Tell Me, Comrade, When Did Russia Go Bad?
Parlor games for a new Cold War

There's an old left-wing debate called When was the Russian Revolution betrayed? (Like many leftist pastimes, this can take the form of either a parlor game or a firefight, depending on the circumstances.) The anarchists think the revolution went sour when the Bolsheviks seized power and transformed the soviets from bottom-up organs of worker control into instruments of the state. The Trotskyists think things went bad when Trotsky lost his power struggle with Stalin, though most of them maintained that Russia remained a "workers' state," albeit a "bureaucratically deformed" one. The "anti-revisionists"—that's Stalinist for "Stalinists"—think Khrushchev's the man who drove the train off the rails. (*) I'm sure there's an old Communist Party stalwart somewhere who thinks the last moment of True Socialism in Red Square came on December 26, 1991, the day the Soviet Union broke up.
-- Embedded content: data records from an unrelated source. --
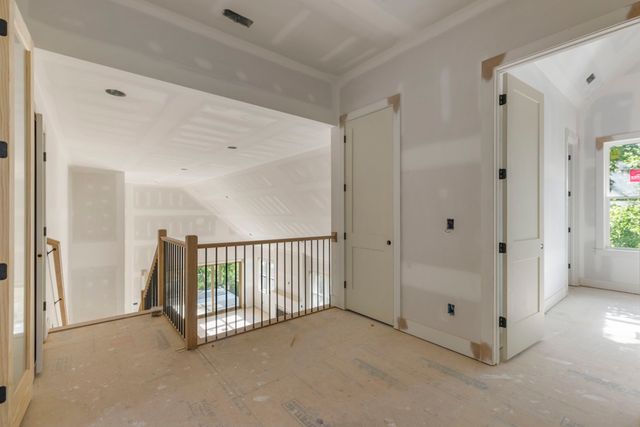 1200 Clifton Ln, Nashville, TN 37215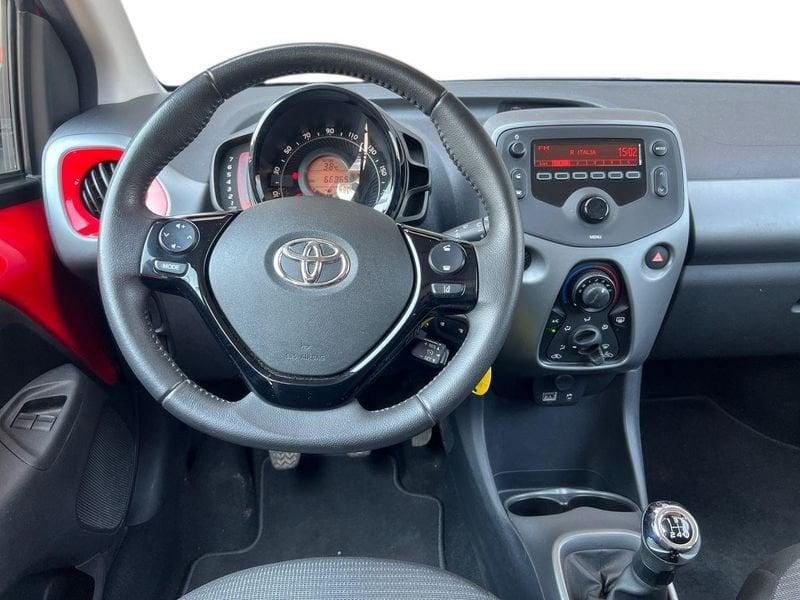 Toyota Aygo 5 Porte 1.0 VVT-i 72cv x-cool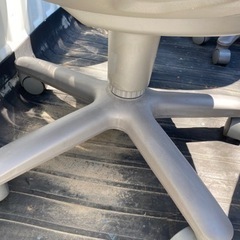 事務用のイス　5脚あります。中古品　無料です。の画像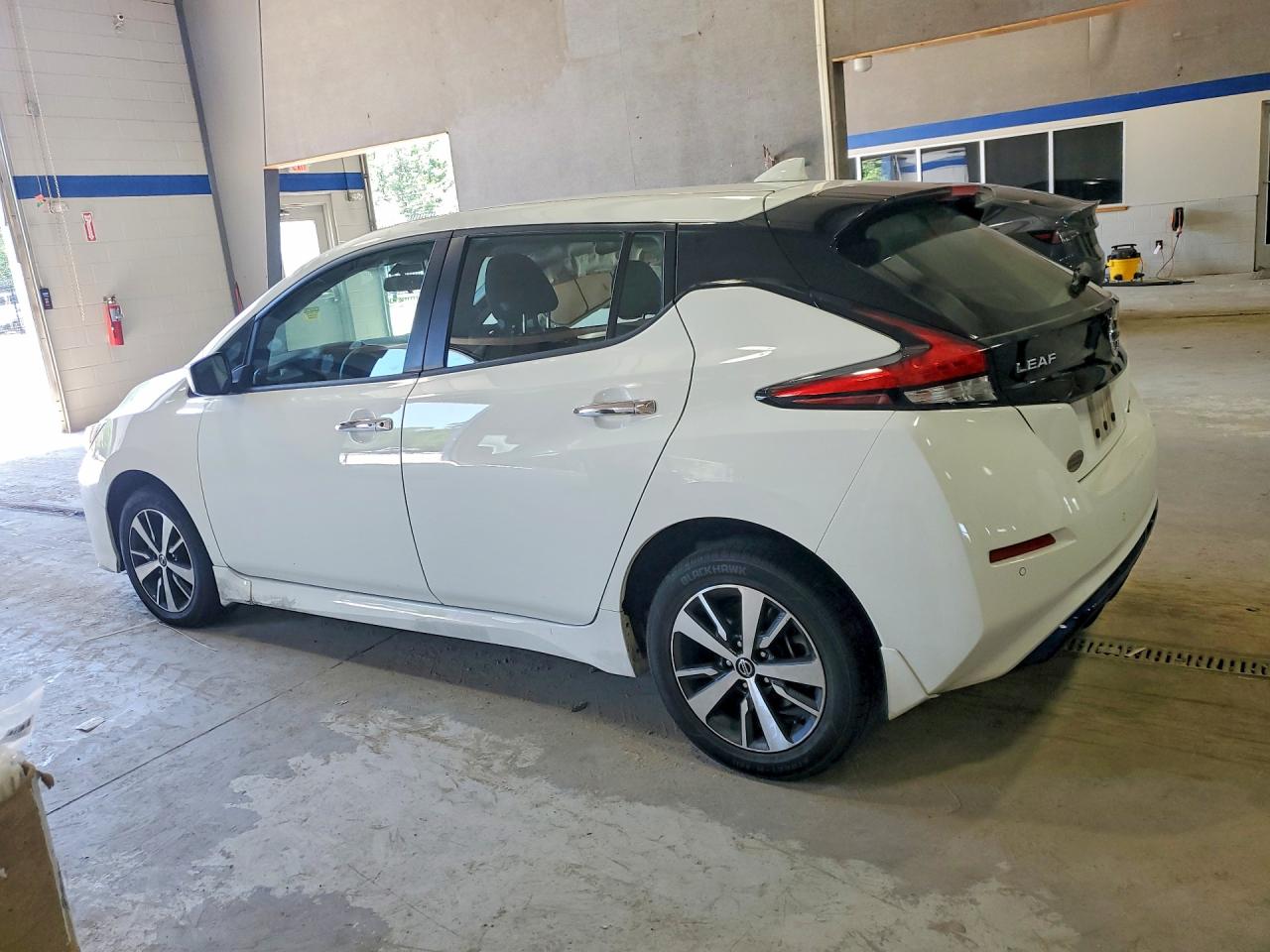 2022 NISSAN LEAF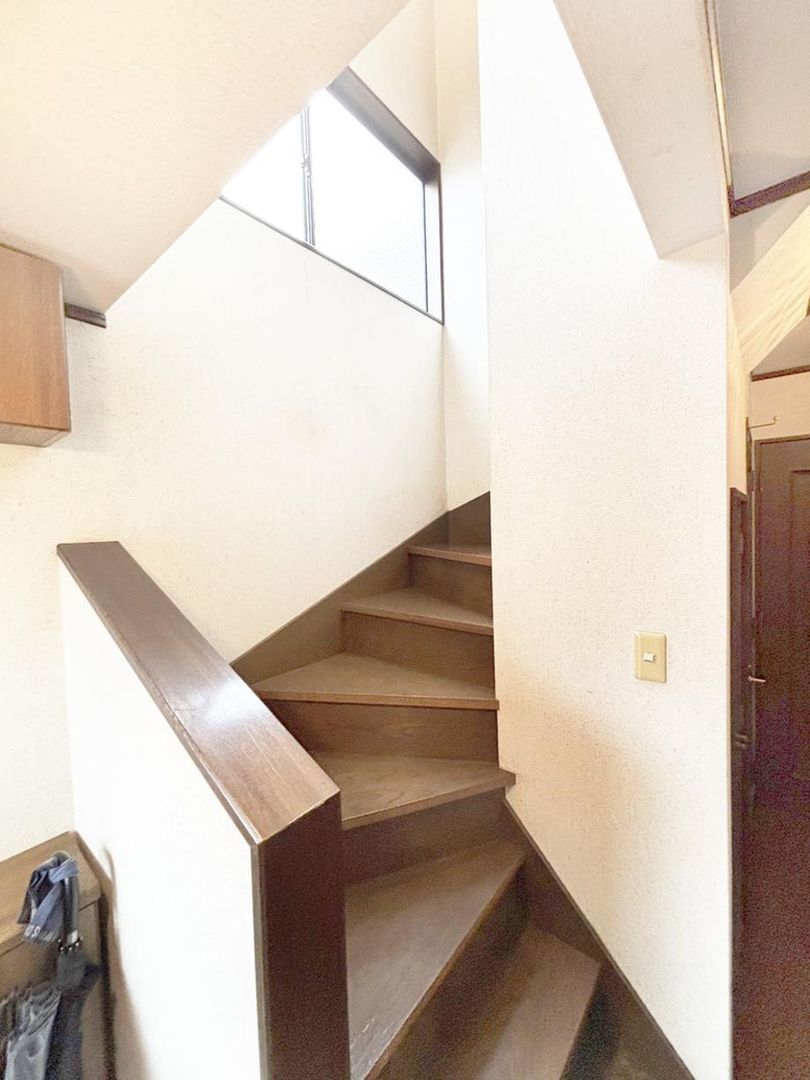 3LDK Detached House for Sale in Fussa, Tokyo - Thumbnail 2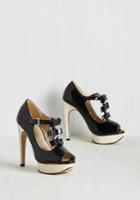 Prestigefootwearinc Bows A Question Heel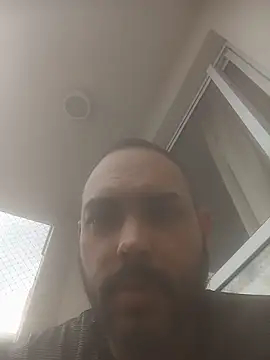 jfgustavo001 online show from 05-17-26, 05:09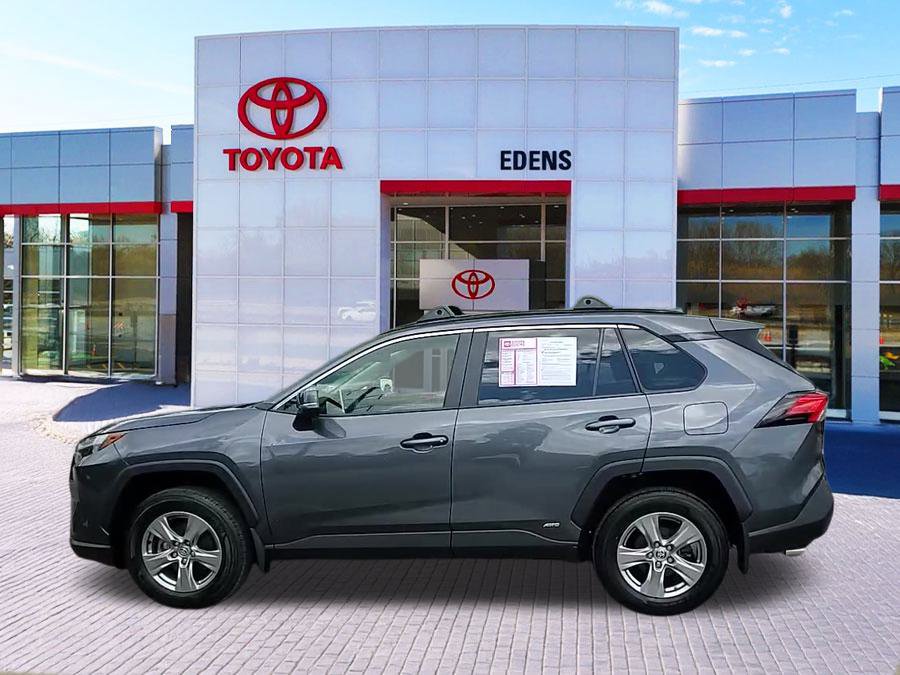 2023 Toyota RAV4 LE photo 6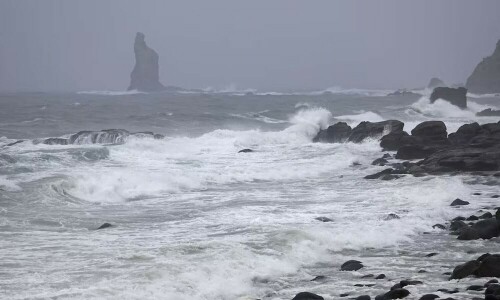 At least 6 dead in Japan as Typhoon Shanshan grinds on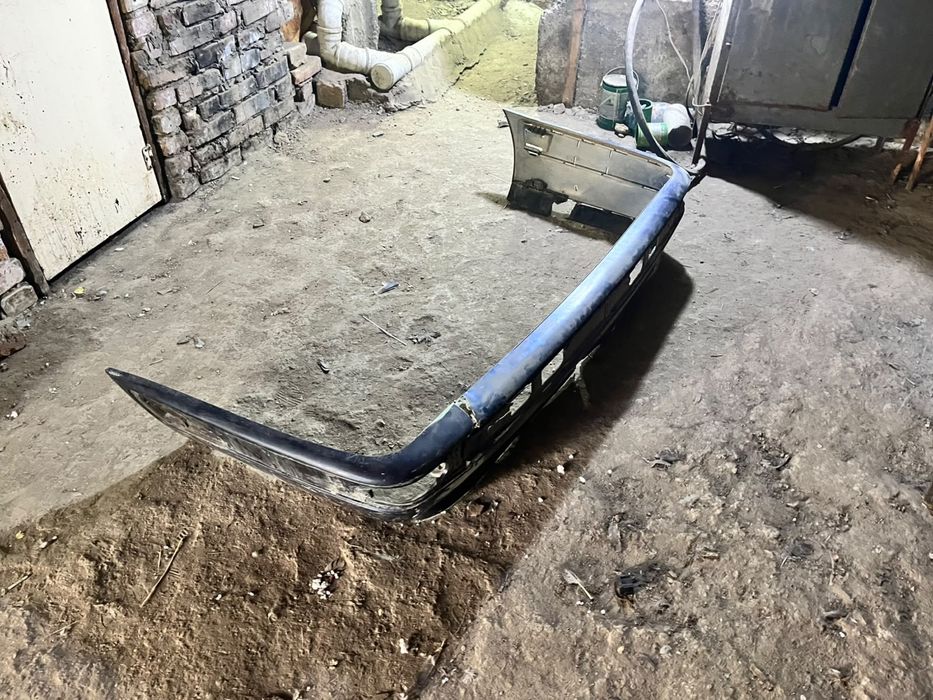 Бампер w210, оригинал, классик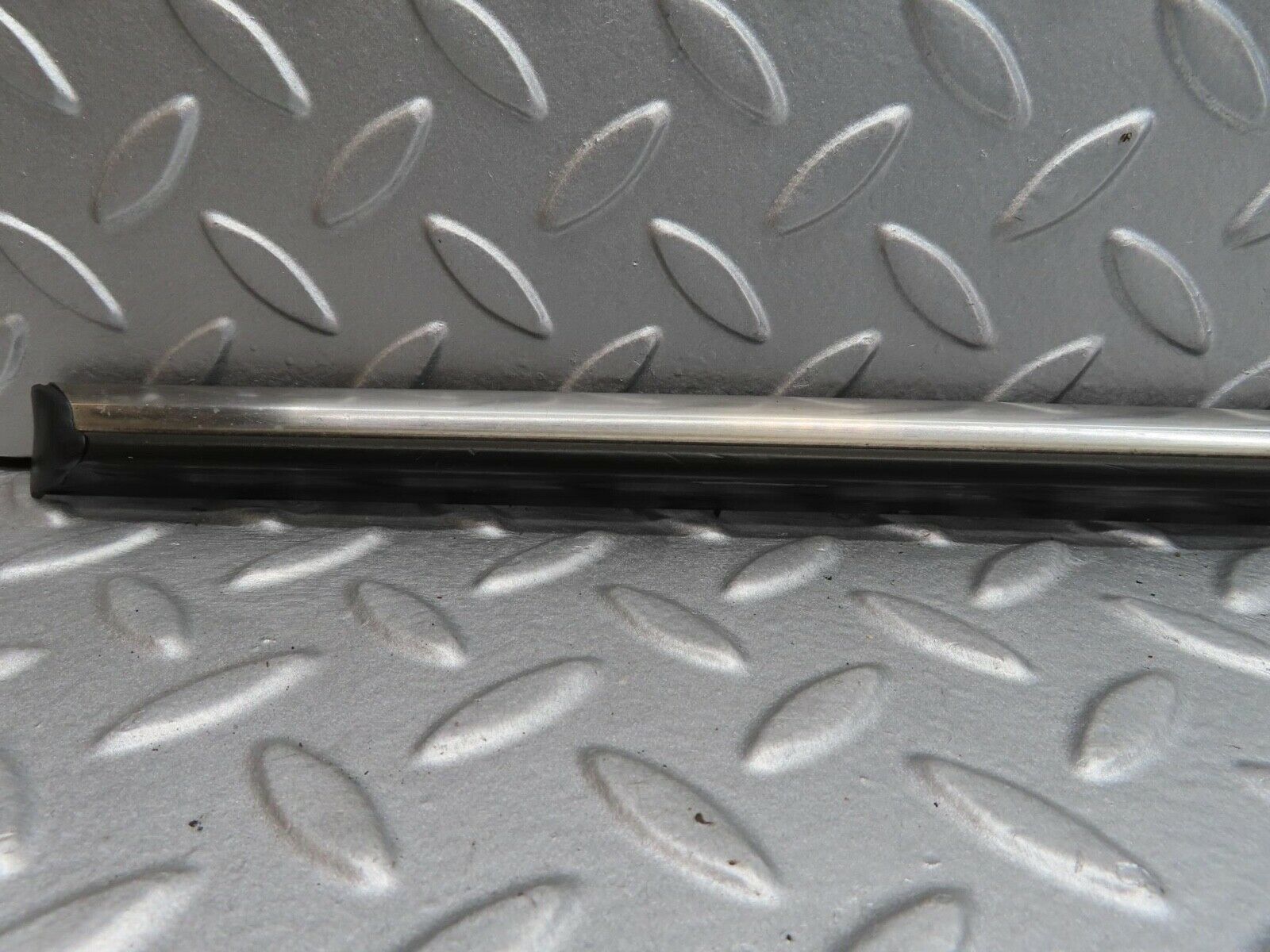 12595 Mercedes-Benz W108 Centre Door Chrome Trim Rear Left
Twenty-two years later, there's talk of a new Cold War beginning. Large swaths of the West have given up on post-Communist Russia. But no one's gotten a good game going of When was the Russian Revolution of '91 betrayed? There's a vague sense in the American press that it happened not long after Putin took over, which matches the personality-centric way that power tends to be covered (as well as the fact that Yeltsin is widely seen as a U.S. ally and Putin as an enemy). But while Putin has certainly made thing worse, I remember the moment my pessimism about the new Russia started to outweigh my optimism, and it arrived long before he came to power. It was October 4, 1993, the day Yeltsin had his tanks shell parliament. I didn't doubt that the new order was freer than the Soviet system, of course, but it seemed to be stopping well short of anything appealing.
In those days, setting aside some Bircher die-hards convinced that the apparent fall of Communism was a ruse, my fellow Yeltsin-skeptics tended to be on the left. Now Moscow's most vocal American opponents are the neocons, whose Cold War nostalgia feels like a right-wing mutation of Ostalgie. But my attitude hasn't substantially changed, except for getting bleaker.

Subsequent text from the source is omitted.